Multiple aircraft have now flown over an Antarctic mountain range where three Canadians went down in a small plane, but poor weather has prevented visual contact, and aviation experts familiar with the aircraft’s course fear the worst.
The Canadian men – two pilots and a mechanic – were aboard a twin-engine propeller plane that went down in a “very remote” spot about 680 kilometres from the south pole. Its emergency beacon activated late on Wednesday Antarctic time, signalling a problem as well as its exact location, but there has been no radio or satellite phone contact with the men in the two days that followed. Heavy cloud cover and strong winds have stymied search and rescue efforts, but authorities in New Zealand, which is leading the mission, say the forecast looks promising over the next 24 hours.
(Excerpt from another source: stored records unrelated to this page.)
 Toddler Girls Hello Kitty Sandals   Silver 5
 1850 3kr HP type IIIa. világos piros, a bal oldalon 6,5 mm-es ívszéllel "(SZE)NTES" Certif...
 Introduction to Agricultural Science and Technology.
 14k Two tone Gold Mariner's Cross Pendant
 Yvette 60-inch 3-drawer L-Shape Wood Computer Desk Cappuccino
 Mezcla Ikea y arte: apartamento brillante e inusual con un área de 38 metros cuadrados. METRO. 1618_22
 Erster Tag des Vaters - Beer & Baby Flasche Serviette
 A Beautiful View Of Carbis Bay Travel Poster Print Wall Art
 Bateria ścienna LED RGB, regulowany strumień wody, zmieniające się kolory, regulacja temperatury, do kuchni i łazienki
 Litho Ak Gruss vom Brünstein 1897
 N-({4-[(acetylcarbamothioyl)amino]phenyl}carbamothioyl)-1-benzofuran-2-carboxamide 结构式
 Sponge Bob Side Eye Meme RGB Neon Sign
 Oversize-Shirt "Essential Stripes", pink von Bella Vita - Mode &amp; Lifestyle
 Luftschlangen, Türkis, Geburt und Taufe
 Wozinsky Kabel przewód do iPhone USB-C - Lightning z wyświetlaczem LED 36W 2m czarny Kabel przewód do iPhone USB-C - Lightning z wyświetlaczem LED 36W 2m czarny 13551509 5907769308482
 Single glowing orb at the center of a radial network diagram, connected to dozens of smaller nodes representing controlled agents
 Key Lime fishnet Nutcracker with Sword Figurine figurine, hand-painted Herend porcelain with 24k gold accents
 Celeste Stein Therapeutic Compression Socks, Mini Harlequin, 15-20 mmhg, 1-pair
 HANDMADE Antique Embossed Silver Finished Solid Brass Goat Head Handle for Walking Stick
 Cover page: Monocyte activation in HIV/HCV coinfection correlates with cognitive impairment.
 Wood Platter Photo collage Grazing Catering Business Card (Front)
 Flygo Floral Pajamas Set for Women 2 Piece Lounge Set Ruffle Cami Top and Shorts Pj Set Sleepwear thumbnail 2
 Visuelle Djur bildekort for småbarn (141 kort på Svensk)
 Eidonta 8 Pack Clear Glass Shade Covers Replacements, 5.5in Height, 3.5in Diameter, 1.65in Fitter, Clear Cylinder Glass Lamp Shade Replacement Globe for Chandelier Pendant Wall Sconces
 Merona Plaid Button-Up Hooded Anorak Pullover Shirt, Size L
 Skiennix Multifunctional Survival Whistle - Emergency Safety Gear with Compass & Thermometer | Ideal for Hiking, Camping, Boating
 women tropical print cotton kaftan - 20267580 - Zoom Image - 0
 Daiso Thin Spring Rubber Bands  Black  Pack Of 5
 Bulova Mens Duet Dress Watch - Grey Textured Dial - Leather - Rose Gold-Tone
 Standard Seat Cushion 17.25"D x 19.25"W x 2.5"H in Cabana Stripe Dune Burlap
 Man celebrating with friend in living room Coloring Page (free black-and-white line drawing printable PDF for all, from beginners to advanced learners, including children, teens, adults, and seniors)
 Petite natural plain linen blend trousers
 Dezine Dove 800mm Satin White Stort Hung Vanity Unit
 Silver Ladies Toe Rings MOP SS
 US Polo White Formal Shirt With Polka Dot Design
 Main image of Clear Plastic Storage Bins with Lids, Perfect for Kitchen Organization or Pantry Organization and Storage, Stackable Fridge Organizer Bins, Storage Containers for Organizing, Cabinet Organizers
“We are still operating with the expectation we will find them alive,” said Rescue Coordination Centre New Zealand co-ordinator Kevin Banaghan
The ski-equipped Twin Otter and its crew belong to Kenn Borek Air Ltd., a Calgary-based airline with extensive experience flying in the most inhospitable places on Earth. The plane was on a routine flight from the south pole to an Italian research station at Terra Nova Bay, which would take it over the Queen Alexandra mountain range.
The plane is equipped with survival gear, including tents, as well as food and water to last five days. But current and former Kenn Borek employees have faint hope for a successful rescue. They believe that, based on the plane’s last known flight path, the pilot was fighting extreme winds and likely crashed into a mountain.
A computer program monitoring the aircraft tracked a dip, climb and sudden stop, said Steve Penikett, the company’s former general manager.
Mr. Penikett said a former dispatcher for the company who is now based in Kabul watched his computer helplessly as a satellite detected the aircraft flying at 13,000 feet, before dropping to 8,800 feet and then climbing back up to 13,000 feet at 140 knots before suddenly recording “zero air speed.” All of this happened “within minutes,” he added.
“It’s my candid opinion that this aircraft flew into the rocks,” Mr. Penikett said. “Anything’s possible and again I hope for the best. But I’ve been through quite a few of these and it doesn’t look very good to me.”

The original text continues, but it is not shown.